[Required action] Every record, apart from its pictures, should be repeated exactly.
+++++
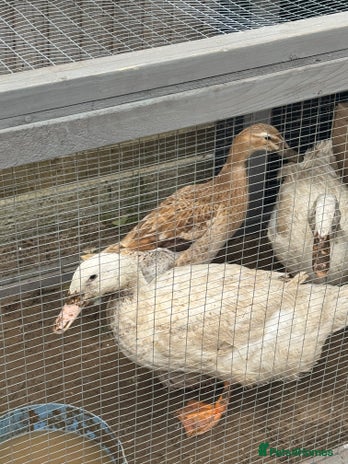Ducks poultry - Advert 1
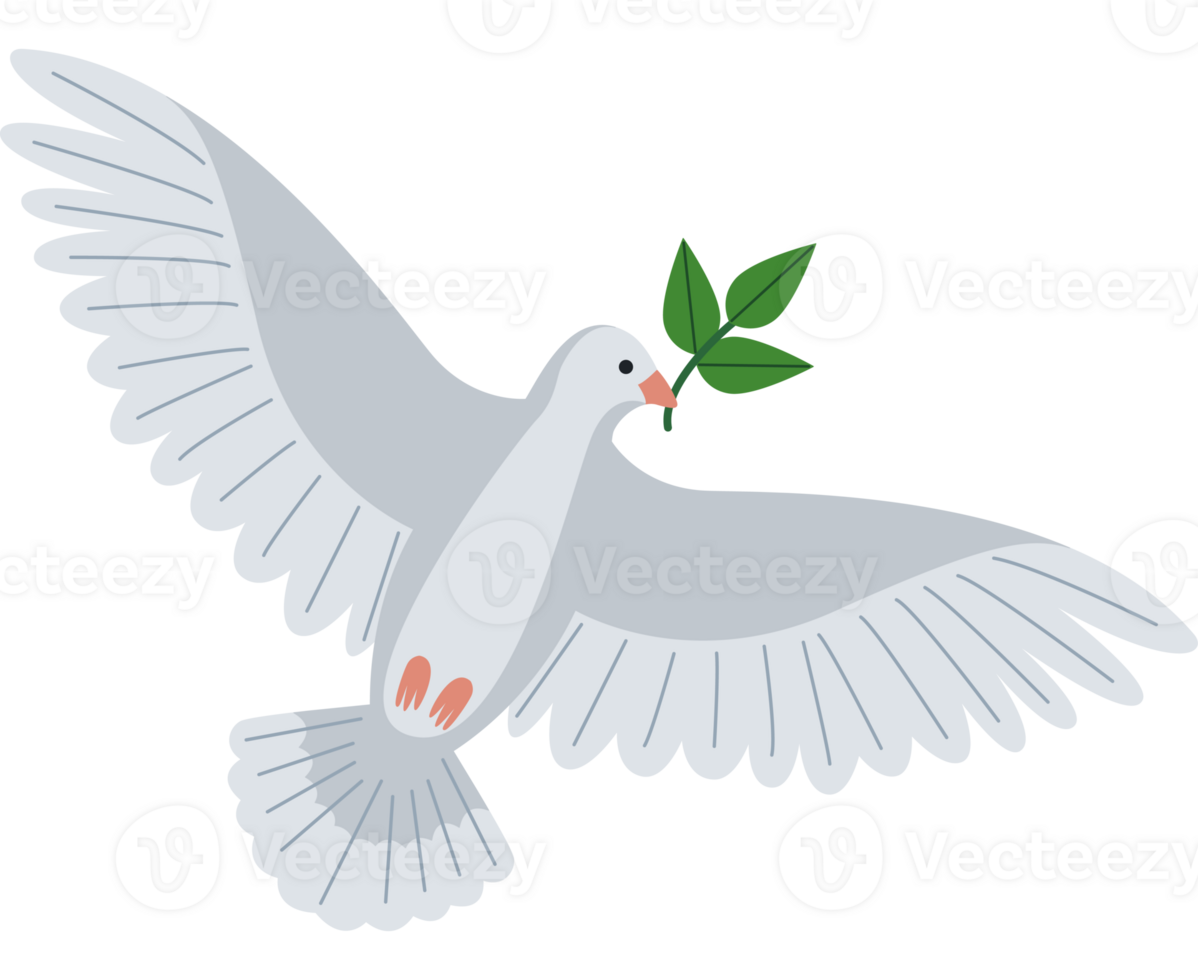 A white dove with a green leaf in its beak png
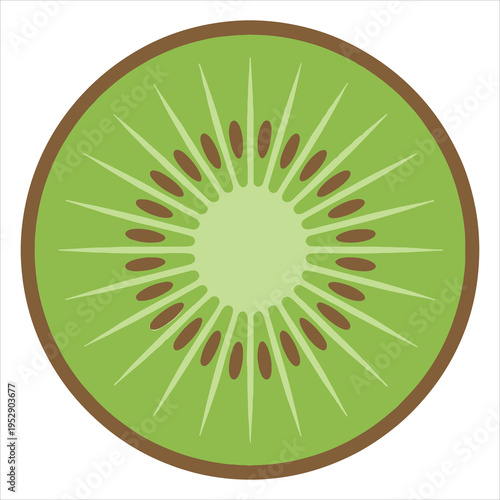 A green kiwi fruit cut in half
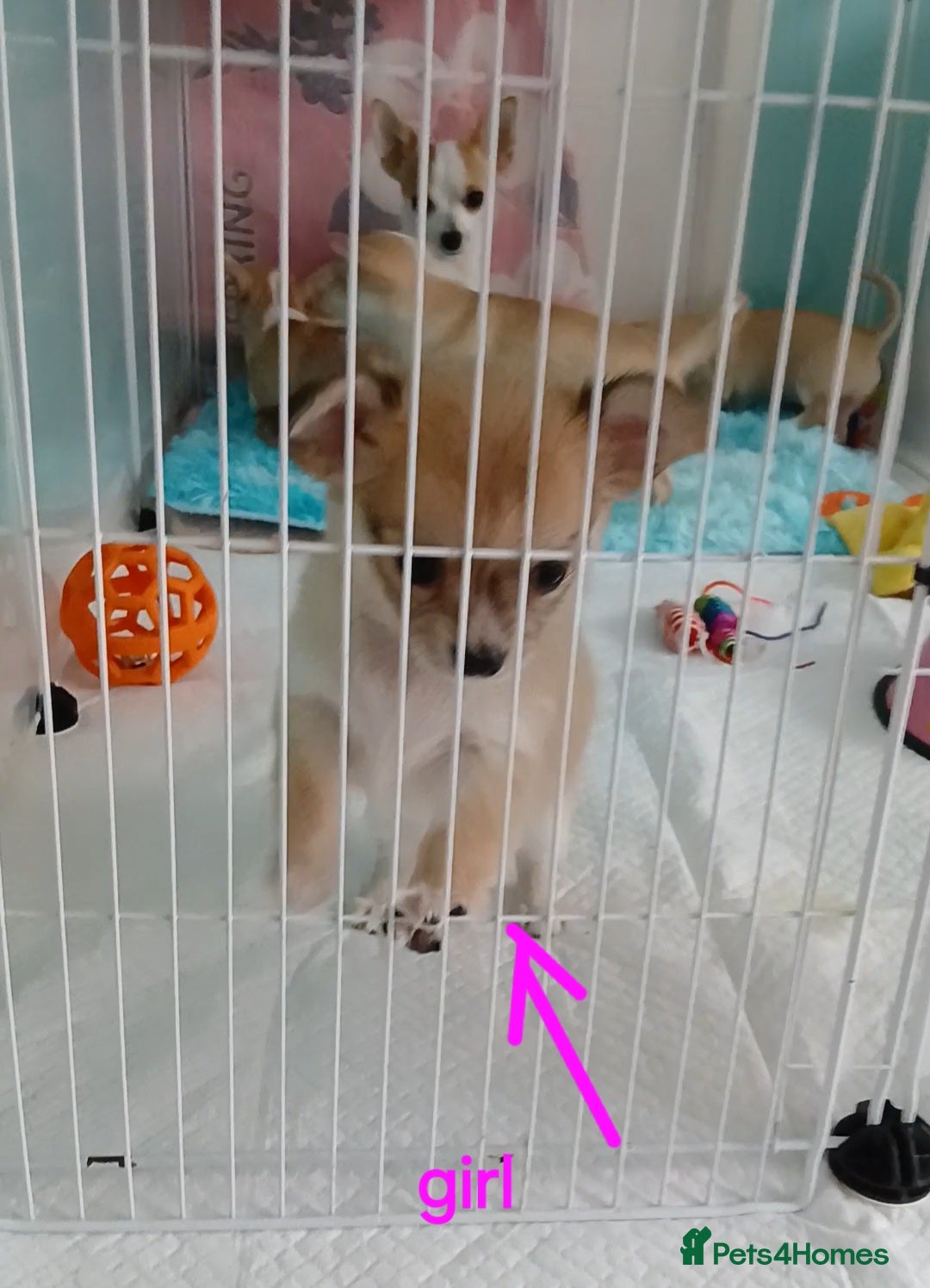 Chihuahua dogs for sale: I am looking for a loving home for my puppies - Image 2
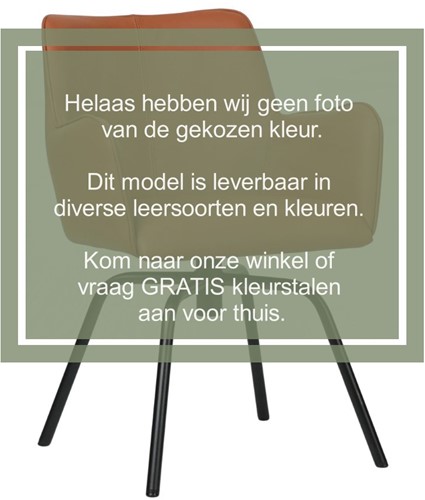 Leren eetkamerstoel Jazz - draaipoot rond frame - Toledo Moss (bruin/groen)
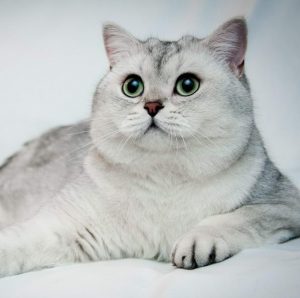 Секрет природного обаяния породы кошек шотландская шиншилла: полное описание питомцев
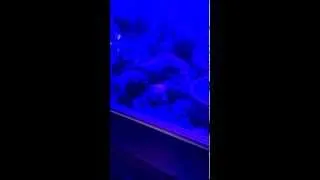 Thumbnail: SLOW MOTION PYTHON STRIKE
+++++
[Answer to this exercise]
Ducks poultry - Advert 1
 A white dove with a green leaf in its beak png
 A green kiwi fruit cut in half
 Chihuahua dogs for sale: I am looking for a loving home for my puppies - Image 2
 Leren eetkamerstoel Jazz - draaipoot rond frame - Toledo Moss (bruin/groen)
 Секрет природного обаяния породы кошек шотландская шиншилла: полное описание питомцев
 Thumbnail: SLOW MOTION PYTHON STRIKE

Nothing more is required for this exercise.